4 Experiments and discussions

This section evaluates the performance of LSC and compares it against other rival algorithms using the Yelp dataset in terms of Root Mean Square Error (RMSE), Accuracy, and F1-score. The Yelp dataset is publicly available and chosen for this evaluation due to its suitability, as it provides information about users' friendship network, location profiles (e.g., opening hours, on-spot car park availability), and users' profiles (e.g., age, gender, location). Unlike datasets such as Foursquare and Gowalla, which only offer information on users' check-ins (where and when), the Yelp dataset aligns with the requirements of LSC. The experiments are conducted using three different settings for the number of users: 5 k, 10 k, and 15 k. This variation aims to examine the impact of varying user sizes on LSC location recommendation. LSC utilizes friendship data to generate user communities on Layer 1. Thus, a community detection algorithm available in Python (known as CDlib) is applied to the friendship data to generate communities.

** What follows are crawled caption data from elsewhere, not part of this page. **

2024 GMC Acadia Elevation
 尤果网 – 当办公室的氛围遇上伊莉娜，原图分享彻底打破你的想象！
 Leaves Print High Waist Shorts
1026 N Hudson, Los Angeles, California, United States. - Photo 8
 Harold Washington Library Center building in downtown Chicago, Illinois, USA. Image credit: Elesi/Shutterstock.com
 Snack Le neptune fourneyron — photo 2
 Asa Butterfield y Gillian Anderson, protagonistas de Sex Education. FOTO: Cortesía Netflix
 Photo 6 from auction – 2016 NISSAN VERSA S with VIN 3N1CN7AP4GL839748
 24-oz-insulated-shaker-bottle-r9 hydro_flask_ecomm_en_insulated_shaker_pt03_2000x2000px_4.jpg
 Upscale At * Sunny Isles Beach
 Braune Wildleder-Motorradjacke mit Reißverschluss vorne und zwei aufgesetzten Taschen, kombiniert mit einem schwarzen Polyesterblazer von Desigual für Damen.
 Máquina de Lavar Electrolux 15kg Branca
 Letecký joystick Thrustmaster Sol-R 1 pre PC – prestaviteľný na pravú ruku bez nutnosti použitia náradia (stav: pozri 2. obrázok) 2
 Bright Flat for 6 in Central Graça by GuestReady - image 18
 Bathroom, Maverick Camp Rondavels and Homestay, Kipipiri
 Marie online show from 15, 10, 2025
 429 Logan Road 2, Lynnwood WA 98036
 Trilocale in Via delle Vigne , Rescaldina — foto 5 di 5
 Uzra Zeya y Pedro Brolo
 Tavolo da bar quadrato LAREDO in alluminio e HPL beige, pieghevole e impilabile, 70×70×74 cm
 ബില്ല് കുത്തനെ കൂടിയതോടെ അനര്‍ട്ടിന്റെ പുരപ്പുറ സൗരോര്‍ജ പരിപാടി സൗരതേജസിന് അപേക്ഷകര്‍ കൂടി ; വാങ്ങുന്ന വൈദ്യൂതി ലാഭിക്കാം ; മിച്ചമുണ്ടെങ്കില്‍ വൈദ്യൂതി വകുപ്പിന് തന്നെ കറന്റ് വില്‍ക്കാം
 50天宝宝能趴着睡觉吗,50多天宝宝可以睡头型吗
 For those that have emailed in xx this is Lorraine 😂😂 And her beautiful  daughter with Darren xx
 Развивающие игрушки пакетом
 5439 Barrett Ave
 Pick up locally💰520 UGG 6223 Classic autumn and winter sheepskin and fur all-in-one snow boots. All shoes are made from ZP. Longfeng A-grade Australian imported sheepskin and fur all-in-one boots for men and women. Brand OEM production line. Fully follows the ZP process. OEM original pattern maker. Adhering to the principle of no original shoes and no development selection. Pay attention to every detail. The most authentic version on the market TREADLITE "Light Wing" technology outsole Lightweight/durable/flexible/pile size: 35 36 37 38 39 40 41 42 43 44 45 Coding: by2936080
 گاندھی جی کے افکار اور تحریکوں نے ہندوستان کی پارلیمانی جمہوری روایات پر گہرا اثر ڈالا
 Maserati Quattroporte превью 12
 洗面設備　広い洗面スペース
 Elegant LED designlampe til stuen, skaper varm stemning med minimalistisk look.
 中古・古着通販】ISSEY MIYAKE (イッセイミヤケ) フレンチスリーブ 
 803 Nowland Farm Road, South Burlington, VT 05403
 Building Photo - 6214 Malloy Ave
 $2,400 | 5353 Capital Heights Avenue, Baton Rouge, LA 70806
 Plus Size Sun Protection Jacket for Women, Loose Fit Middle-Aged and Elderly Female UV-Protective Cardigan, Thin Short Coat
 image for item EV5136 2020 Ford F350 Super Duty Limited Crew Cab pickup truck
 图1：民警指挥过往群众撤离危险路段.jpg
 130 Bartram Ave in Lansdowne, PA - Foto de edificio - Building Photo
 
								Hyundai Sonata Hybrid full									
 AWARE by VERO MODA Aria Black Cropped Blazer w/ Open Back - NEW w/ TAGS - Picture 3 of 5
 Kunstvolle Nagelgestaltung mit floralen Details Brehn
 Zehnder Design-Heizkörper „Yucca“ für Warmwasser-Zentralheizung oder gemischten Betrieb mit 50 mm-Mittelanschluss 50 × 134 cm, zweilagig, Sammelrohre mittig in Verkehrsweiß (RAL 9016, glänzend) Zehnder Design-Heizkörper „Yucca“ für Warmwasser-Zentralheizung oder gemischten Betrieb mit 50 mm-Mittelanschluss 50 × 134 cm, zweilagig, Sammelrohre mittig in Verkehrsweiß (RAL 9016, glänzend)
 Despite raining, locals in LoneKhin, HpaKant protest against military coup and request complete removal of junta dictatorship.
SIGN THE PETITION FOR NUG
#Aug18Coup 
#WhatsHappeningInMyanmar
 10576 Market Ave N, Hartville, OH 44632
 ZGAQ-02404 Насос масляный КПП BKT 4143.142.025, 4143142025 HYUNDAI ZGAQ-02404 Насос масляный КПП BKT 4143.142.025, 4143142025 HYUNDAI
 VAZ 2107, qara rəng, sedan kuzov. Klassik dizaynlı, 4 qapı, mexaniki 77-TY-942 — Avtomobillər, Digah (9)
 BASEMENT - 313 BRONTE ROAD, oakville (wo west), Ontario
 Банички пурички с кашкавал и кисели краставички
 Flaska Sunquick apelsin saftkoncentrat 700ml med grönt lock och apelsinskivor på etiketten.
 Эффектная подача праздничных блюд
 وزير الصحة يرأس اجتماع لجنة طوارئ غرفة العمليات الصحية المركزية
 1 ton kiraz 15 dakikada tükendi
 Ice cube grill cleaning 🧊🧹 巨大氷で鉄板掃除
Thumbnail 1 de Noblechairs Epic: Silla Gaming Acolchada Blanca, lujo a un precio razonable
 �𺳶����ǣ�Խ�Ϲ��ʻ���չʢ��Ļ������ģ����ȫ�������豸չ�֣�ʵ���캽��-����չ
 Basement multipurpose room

In the next section, the results obtained by spectral clustering are presented, with the aim of determining the optimal number of clusters for location and user clustering. Section 4.2 evaluates LSC recommendation performance in terms of accuracy and F1-score in two settings: with and without consideration of the friendship network. Additionally, Sect. 4.3 utilizes RMSE to compare LSC against state-of-the-art algorithms proposed for location recommendation. The execution time for LSC is discussed in Sect. 4.4.

4.1 Cluster tuning

LSC utilizes spectral clustering to create clusters of users and locations on layers two and three of the three-layered model, respectively. To assess the scalability of the model, we extracted datasets containing 5 k, 10 k, and 15 k users for experimentation, as illustrated in Figs. 4 – 5. We employed the elbow rule to determine the optimal number of clusters. As observed in Figs. 6 and 5, as the number of users increases from 5 to 10 k and then 15 k, the Silhouette measure decreases. This decline occurs because more user information leads to better training of the spectral clustering algorithm, resulting in improved outcomes. Similarly, in Figs. 4 and 7, the Davies Bouldin Index (DB) rises. However, in both the DB and Silhouette metrics, beyond a certain number of clusters (i.e., 20 clusters), the magnitude of change in these metrics becomes insignificant. Hence, the best number of clusters is 20 for locations and users.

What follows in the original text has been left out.